In the light of this truth all social facts group themselves in an orderly relation, and the most diverse phenomena are seen to spring from one great principle. It is not in the relations of capital and labour, it is not in the pressure of population against subsistence, that an explanation of the unequal development of our civilization is to be found. The great cause of inequality in the distribution of wealth is inequality in the ownership of land.

The ownership of land is the great fundamental fact that ultimately determines the social, the political, and consequently the intellectual and moral condition of a people. And it must be so. For land is the habitation of man, the storehouse upon which he must draw for all his needs, the material to which his labour must be applied for the supply of all his desires; for even the products of the sea cannot be taken, the light of the sun enjoyed, or any of the forces of nature utilized, without the use of land or its products. On the land we are born, from it we live, to it we return again - children of the soil as truly as is the blade of grass or the flower of the field. Take away from man all that belongs to land, and he is but a disembodied spirit.

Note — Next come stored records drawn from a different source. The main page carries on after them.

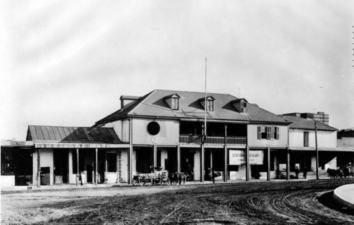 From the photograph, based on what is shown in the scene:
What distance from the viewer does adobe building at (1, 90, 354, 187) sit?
103 ft

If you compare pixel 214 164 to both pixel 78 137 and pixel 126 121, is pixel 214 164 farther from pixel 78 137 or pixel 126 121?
pixel 78 137

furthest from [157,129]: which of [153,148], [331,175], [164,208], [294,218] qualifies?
[294,218]

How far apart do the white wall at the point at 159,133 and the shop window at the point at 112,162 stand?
2.14 m

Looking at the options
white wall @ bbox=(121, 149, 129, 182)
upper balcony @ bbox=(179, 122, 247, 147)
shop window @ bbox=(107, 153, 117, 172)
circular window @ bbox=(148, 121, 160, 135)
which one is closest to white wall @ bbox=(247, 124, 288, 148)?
upper balcony @ bbox=(179, 122, 247, 147)

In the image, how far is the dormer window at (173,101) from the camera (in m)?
37.5

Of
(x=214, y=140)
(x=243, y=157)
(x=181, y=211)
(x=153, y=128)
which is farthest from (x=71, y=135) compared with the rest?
(x=181, y=211)

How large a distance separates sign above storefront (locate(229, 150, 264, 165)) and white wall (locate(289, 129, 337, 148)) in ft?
22.6

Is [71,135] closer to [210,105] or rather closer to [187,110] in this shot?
[187,110]

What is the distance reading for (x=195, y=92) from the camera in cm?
4178

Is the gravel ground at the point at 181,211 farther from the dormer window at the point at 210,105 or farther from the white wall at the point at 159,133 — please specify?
the dormer window at the point at 210,105

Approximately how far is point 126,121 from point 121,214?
20.7 m

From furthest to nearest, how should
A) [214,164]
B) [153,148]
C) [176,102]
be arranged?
[214,164], [176,102], [153,148]

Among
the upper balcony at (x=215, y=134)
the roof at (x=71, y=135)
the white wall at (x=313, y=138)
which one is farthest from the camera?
the white wall at (x=313, y=138)

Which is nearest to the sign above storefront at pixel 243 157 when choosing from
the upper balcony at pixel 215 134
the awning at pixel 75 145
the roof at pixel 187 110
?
the upper balcony at pixel 215 134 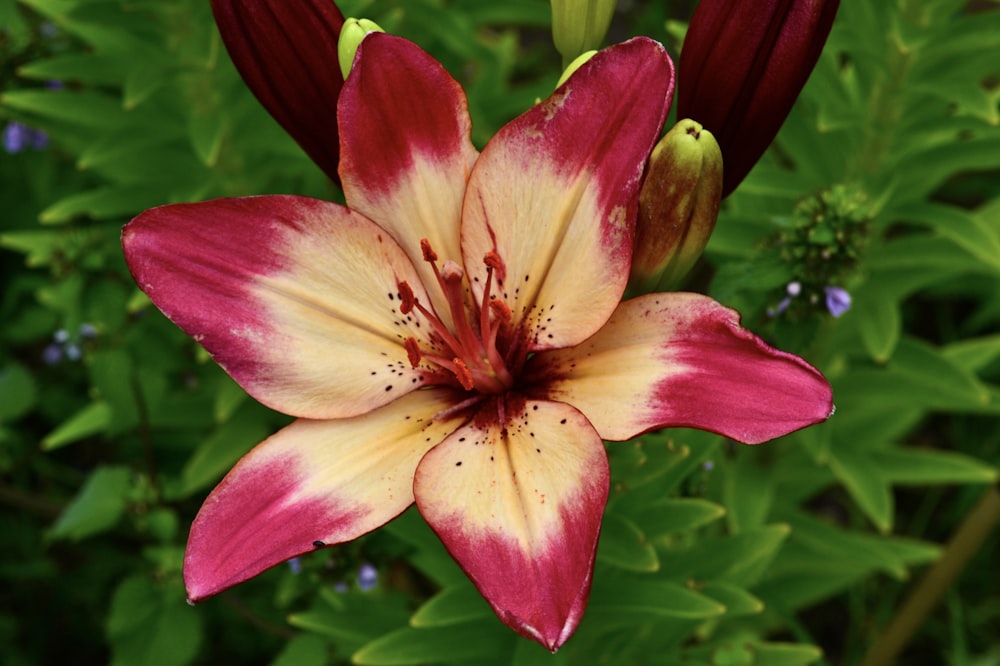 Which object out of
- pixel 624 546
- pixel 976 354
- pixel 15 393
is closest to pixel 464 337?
pixel 624 546

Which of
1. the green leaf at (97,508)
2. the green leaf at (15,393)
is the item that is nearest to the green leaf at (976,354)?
the green leaf at (97,508)

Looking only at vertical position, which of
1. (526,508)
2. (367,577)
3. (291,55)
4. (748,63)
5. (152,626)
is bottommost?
(152,626)

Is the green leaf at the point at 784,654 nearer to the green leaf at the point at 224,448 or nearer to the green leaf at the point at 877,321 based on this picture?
the green leaf at the point at 877,321

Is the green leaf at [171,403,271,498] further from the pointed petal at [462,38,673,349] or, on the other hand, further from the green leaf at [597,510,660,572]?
the pointed petal at [462,38,673,349]

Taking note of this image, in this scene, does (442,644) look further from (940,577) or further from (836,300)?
(940,577)

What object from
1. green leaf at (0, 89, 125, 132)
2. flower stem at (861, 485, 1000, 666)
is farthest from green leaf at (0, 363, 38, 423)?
flower stem at (861, 485, 1000, 666)

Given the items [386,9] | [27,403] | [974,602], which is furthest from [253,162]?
[974,602] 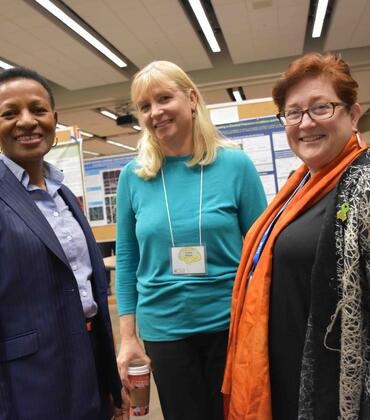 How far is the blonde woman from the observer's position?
1.29m

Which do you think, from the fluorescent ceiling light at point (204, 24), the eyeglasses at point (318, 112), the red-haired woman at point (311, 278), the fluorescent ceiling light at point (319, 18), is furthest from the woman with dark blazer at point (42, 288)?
the fluorescent ceiling light at point (319, 18)

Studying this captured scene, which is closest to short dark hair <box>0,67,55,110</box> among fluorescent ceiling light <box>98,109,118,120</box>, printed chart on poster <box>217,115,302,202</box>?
printed chart on poster <box>217,115,302,202</box>

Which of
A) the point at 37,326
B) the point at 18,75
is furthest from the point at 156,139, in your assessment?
the point at 37,326

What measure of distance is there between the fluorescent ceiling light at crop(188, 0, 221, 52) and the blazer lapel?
560 centimetres

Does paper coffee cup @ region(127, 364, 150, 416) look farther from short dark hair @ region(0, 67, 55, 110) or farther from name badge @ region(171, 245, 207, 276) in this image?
short dark hair @ region(0, 67, 55, 110)

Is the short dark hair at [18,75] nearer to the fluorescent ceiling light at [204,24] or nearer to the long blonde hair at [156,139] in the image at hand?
the long blonde hair at [156,139]

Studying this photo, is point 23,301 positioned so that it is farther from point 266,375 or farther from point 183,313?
point 266,375

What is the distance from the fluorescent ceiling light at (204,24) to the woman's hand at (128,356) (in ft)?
18.3

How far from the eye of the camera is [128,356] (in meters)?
1.38

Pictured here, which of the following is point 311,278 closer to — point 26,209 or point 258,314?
point 258,314

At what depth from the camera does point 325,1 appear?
626cm

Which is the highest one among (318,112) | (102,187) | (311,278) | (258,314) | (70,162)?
(70,162)

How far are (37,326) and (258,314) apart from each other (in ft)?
1.79

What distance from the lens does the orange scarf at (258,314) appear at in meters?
1.03
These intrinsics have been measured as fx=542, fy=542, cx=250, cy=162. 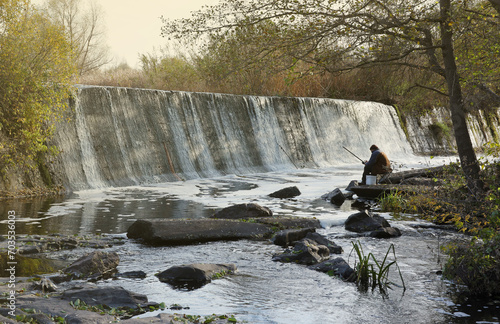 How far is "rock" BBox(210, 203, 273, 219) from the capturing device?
9.86m

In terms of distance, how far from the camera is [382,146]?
26109mm

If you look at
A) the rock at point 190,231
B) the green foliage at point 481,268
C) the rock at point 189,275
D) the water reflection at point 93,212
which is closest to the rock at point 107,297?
the rock at point 189,275

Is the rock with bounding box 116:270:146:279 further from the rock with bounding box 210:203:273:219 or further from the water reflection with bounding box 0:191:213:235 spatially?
the rock with bounding box 210:203:273:219

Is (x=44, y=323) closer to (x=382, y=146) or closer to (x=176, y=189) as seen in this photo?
(x=176, y=189)

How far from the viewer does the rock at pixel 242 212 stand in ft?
32.3

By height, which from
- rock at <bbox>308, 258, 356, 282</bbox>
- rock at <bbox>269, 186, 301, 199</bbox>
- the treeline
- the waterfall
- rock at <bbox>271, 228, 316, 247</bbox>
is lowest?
rock at <bbox>308, 258, 356, 282</bbox>

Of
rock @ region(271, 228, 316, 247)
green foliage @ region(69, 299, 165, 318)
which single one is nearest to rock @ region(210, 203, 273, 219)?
rock @ region(271, 228, 316, 247)

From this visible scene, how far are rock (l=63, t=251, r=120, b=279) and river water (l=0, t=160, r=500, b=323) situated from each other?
0.22 meters

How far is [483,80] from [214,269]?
18.8 ft

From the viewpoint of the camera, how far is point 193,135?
18.1m

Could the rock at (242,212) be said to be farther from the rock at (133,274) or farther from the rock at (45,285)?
the rock at (45,285)

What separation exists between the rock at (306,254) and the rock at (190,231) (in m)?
1.42

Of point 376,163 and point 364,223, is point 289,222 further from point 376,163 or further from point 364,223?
point 376,163

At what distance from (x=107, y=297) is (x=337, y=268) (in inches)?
112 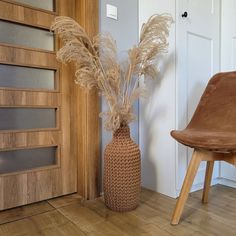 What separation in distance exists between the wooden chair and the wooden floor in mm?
91

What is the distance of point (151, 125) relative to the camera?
164cm

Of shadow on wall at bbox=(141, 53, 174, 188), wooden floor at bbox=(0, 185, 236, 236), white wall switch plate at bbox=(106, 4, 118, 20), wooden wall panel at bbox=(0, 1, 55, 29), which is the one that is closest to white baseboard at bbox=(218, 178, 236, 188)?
wooden floor at bbox=(0, 185, 236, 236)

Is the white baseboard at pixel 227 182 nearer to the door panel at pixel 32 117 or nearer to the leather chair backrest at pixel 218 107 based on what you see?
the leather chair backrest at pixel 218 107

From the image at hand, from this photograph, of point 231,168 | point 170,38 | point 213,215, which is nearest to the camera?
point 213,215

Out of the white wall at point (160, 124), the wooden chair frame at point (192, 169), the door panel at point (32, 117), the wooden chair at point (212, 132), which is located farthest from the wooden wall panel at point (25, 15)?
the wooden chair frame at point (192, 169)

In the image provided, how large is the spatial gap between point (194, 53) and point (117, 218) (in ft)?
3.85

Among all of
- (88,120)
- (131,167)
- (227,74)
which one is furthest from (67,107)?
(227,74)

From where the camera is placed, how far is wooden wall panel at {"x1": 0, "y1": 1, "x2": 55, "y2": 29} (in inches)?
50.6

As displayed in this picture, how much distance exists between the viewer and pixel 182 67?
150 cm

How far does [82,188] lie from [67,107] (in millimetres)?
546

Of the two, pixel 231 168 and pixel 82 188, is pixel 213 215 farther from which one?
pixel 82 188

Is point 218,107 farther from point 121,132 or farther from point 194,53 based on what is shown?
point 121,132

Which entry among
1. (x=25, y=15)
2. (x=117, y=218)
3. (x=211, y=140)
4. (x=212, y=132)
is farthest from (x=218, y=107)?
(x=25, y=15)

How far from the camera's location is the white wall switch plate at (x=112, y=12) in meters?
1.54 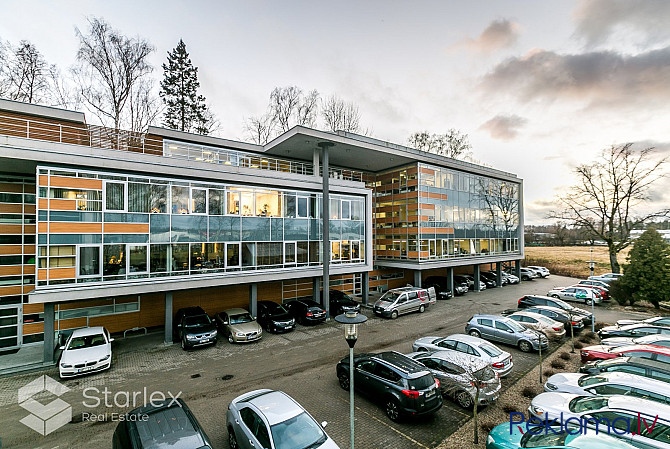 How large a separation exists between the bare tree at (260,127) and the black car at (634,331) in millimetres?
29925

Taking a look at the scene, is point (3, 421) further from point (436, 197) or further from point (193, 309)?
point (436, 197)

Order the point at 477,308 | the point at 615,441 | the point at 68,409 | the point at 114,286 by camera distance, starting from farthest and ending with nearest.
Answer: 1. the point at 477,308
2. the point at 114,286
3. the point at 68,409
4. the point at 615,441

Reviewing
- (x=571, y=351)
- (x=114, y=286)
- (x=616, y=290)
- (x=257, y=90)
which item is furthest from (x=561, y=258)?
(x=114, y=286)

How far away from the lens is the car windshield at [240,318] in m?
16.0

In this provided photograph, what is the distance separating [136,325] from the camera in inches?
657

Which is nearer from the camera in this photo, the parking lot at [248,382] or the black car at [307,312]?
the parking lot at [248,382]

Material progress cannot rid us of our dependence upon land; it can but add to the power of producing wealth from land; and hence, when land is monopolized, it might go on to infinity without increasing wages or improving the condition of those who have but their labour. It can but add to the value of land and to the power that its possession gives.

Everywhere, in all times, among all peoples, the possession of land is the base of aristocracy, the foundation of great fortunes, the source of power. As said the Brahmins, ages ago:

"To whomsoever the soil at any time belongs, to him belong the fruits of it. White parasols and elephants mad with pride are the flowers of a grant of land."